The atmosphere on Nihiliste(s) dictates much of its value, and is emphasised via such tracks as ”Tu regardes trop fort, tu penses trop fort, tu parles trop fort” and ”Comme s’il suffisait de lever le doigt pour refaire”, where the more cacophonous terror subsides to let some more groove and hefty swings in. Celeste plays around with intensity as if they came up with the notion, and Nihiliste(s) excels in exactly this: holding the listener firmly in its grasp throughout its duration. Even if you could say the album overstays its welcome by a few minutes, that doesn’t diminish it one bit. Time, without a doubt, has taken its due, and I understand one of the reasons I hold it in such high regard stems from the fact that I had never heard anything like it when it initially swept me off my feet during my formative years, I can listen to Nihiliste(s) today (and have, many times) and say it’s a fantastic record, and I still haven’t heard anything quite like it, fifteen years later. And you know, that says something.
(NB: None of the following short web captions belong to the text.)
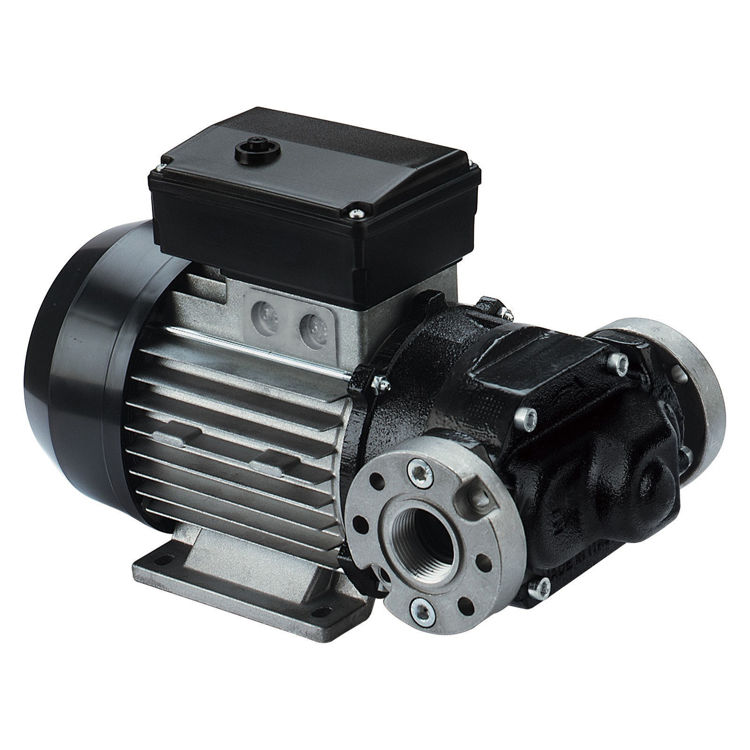Picture of Piusi E80 M Diesel Fuel Transfer Pump
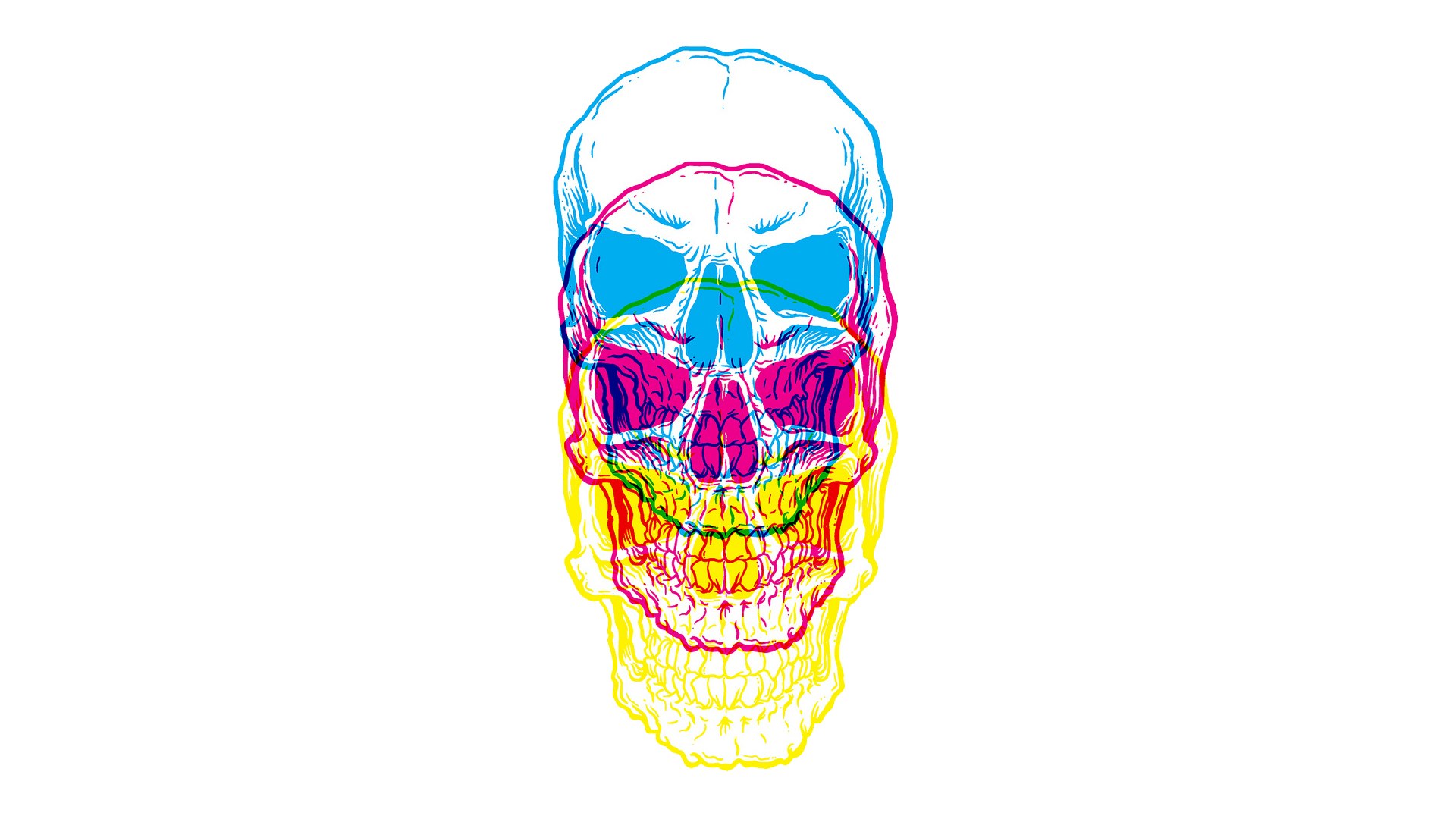 colorful skull illustration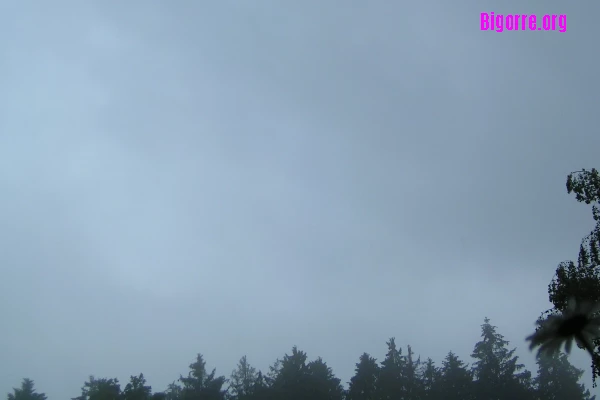 light intensity drizzle light intensity drizzle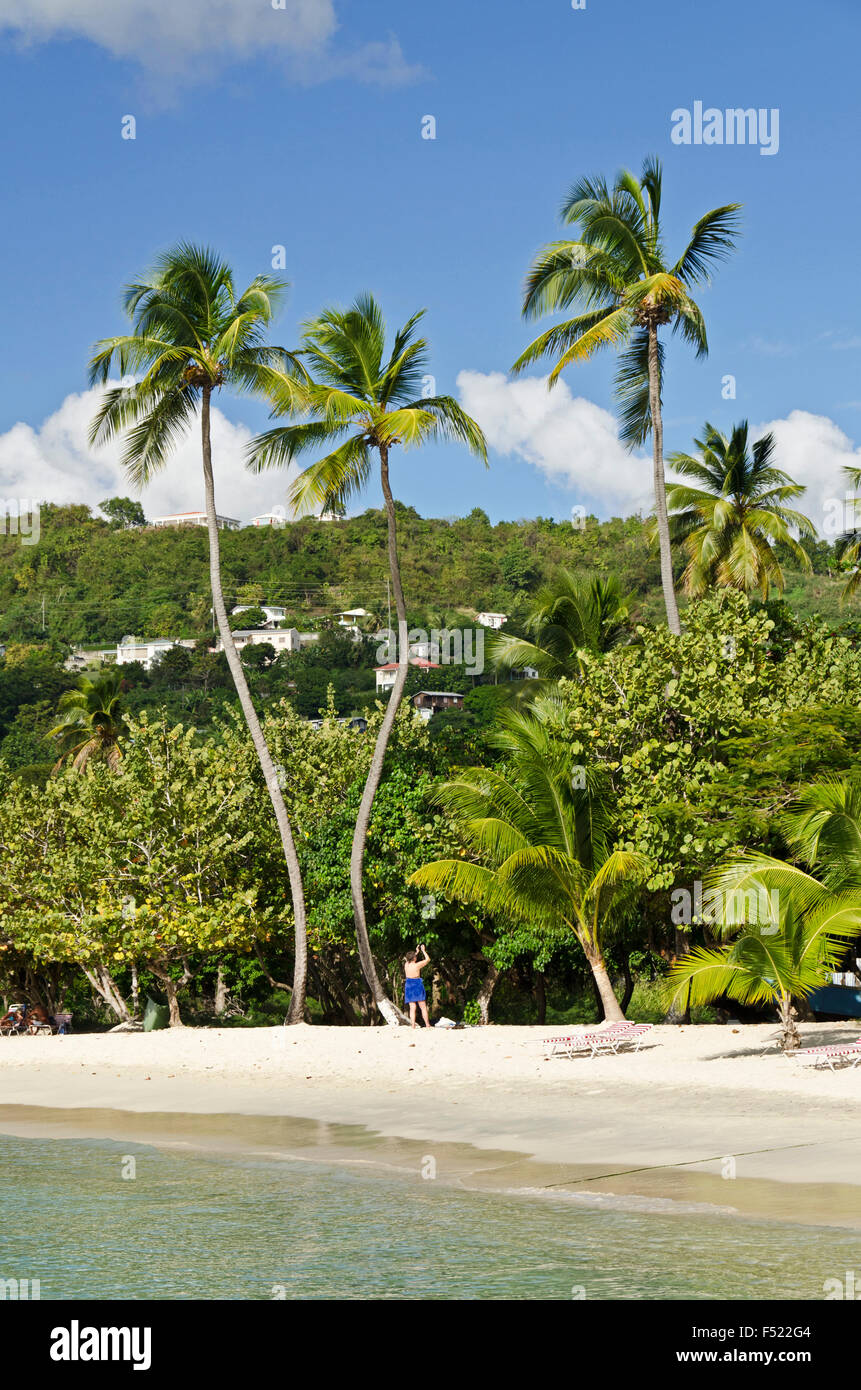 Grenada, Grand Anse Beach Stock Photo Alamy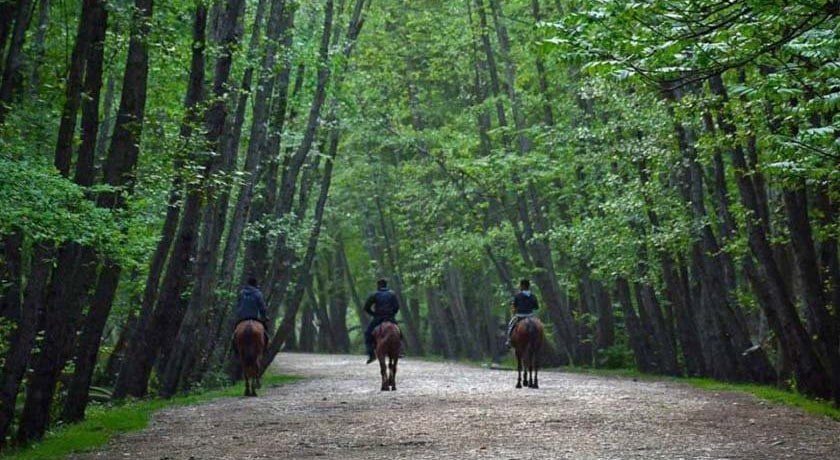  پارک جنگلی نور شهرستان مازندران استان نور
It’s nice to see and hear people find them and backtrack their back catalogue up until Nihliste(s) and the preceding EP Pessimiste(s) and emerge on the other side with a dumb grin on their faces. There is something primal to be enjoyed on this album, and you can make as many counterintuitive points about how it could be more this and less that, but again, that doesn’t really affect the facts. As it stands, Celeste have made a name for themselves for all the right reasons during their notable career, and I doubt that’ll change going forward. After all, when has this humanity ever had enough misery and bleakness?